The doctor bent down. “He is not quite cold, but I am afraid he is dead enough,” he answered. “Just help me to lift him up.”
They lifted him carefully an inch from the ground, and all doubts disappeared. The head fell away. It had been entirely cut off from the body. Even Valentin was slightly shocked. “He must have been as strong as a gorilla,” he muttered.
Not without a shiver, though he was used to anatomical dissections, Dr. Simon lifted the head. The face was substantially unhurt. It was a yellow face, with a hawk-like nose and heavy lids. Nothing else could be noted about the man. As Dr. Simon said, the man had never been of their party. But he might very well have been trying to join it, for he had come dressed for such an occasion.
Valentin went down on his hands and knees and examined with his closest professional attention the grass and ground for some twenty yards round the body, in which he was assisted by the doctor, and the English lord. Valentin's attention was drawn by a few twigs, snapped or chopped into very small lengths, which he lifted for an instant's examination and then tossed away.
“Twigs,” he said gravely; “twigs, and a total stranger with his head cut off; that is all there is on this lawn.”
There was an almost creepy stillness, and then the unnerved Galloway called out sharply:
“Who's that! Who's that over there by the garden wall!”
A small figure with a foolishly large head came near them in the moonlight; looked for an instant like a goblin, but turned out to be the harmless little priest whom they had left in the drawing-room.
“I say,” he said meekly, “there are no gates to this garden, do you know.”
Valentin's black brows had come together somewhat crossly. “You are right,” he said. “Before we find out how he came to be killed, we may have to find out how he came to be here. Now listen to me, gentlemen. We shall all agree that certain distinguished names might well be kept out of this. There are ladies, gentlemen, and there is a foreign ambassador. If we must mark it down as a crime, then it must be investigated as a crime. I am the head of the police; I am so public that I can afford to be private. Please Heaven, I will clear everyone of my own guests before I call in my men to look for anybody else. Gentlemen, upon your honour, you will none of you leave the house till tomorrow at noon; there are bedrooms for all. Simon, I think you know where to find my man, Ivan, in the front hall. Tell him to leave another servant on guard and come to me at once. Lord Galloway, you are certainly the best person to tell the ladies what has happened, and prevent a panic. They also must stay. Father Brown and I will remain with the body.”

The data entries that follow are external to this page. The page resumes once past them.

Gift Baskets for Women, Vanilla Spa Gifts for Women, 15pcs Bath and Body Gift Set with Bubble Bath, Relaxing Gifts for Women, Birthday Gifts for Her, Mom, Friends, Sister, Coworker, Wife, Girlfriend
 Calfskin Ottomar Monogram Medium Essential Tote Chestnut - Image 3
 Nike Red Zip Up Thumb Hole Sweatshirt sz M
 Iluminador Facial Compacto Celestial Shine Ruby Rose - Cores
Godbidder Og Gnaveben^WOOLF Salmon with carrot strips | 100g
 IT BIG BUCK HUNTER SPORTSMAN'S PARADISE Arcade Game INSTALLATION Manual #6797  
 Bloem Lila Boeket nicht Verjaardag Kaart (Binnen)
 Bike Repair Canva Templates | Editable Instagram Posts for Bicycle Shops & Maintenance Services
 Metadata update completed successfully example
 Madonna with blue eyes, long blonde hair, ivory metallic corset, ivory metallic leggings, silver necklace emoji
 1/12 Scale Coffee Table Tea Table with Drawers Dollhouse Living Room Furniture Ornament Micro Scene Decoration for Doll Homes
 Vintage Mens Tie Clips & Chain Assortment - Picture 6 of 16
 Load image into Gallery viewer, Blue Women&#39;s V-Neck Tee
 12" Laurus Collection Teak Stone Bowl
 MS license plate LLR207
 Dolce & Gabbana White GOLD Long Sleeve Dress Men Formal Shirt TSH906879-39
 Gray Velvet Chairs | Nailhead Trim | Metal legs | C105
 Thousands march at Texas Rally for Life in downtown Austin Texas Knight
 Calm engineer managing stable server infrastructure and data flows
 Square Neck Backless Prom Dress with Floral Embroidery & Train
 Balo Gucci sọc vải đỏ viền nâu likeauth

Dr. Simon went through to the armoury and found Ivan, the public detective's private detective. Galloway went to the drawing-room and told the terrible news to the ladies tactfully enough. Meanwhile the good priest and the good atheist stood at the head and foot of the dead man motionless in the moonlight, like symbolic statues of their two philosophies of death.
Ivan, the confidential man with the scar and the moustaches, dashed out of the house like a cannon ball, and came racing across the lawn to Valentin like a dog to his master. He asked his master's permission to examine the remains.
“Yes; look, if you like, Ivan,” said Valentin, “but don't be long. We must go in and clear this up in the house.”
Ivan lifted the head, and then almost let it drop.
“Why,” he gasped, “it's – no, it isn't; it can't be. Do you know this man, sir?”
“No,” said Valentin indifferently; “we had better go inside.”
Between them they carried the corpse to a sofa in the study, and then all made their way to the drawing-room.
The detective sat down at a desk quietly; but his eye was the iron eye of a judge at the trial. He made a few fast notes upon paper in front of him, and then said shortly: “Is everybody here?”
“Not Mr. Brayne,” said the Duchess of Mont St. Michel, looking round.
“No,” said Lord Galloway in a hoarse voice. “And not Mr. Neil O'Brien, I fancy. I saw that gentleman walking in the garden when the corpse was still warm.”
“Ivan,” said the detective, “go and fetch Commandant O'Brien and Mr. Brayne. Mr. Brayne, I know, is finishing a cigar in the dining-room; Commandant O'Brien, I think, is walking up and down the conservatory. I am not sure.”
The attendant flashed from the room, and before anyone could stir or speak Valentin went on:
“Everyone here knows that a dead man has been found in the garden, his head cut clean from his body. Dr. Simon, you have examined it. Do you think that to cut a man's throat like that would need great force? Or, perhaps, only a very sharp knife?”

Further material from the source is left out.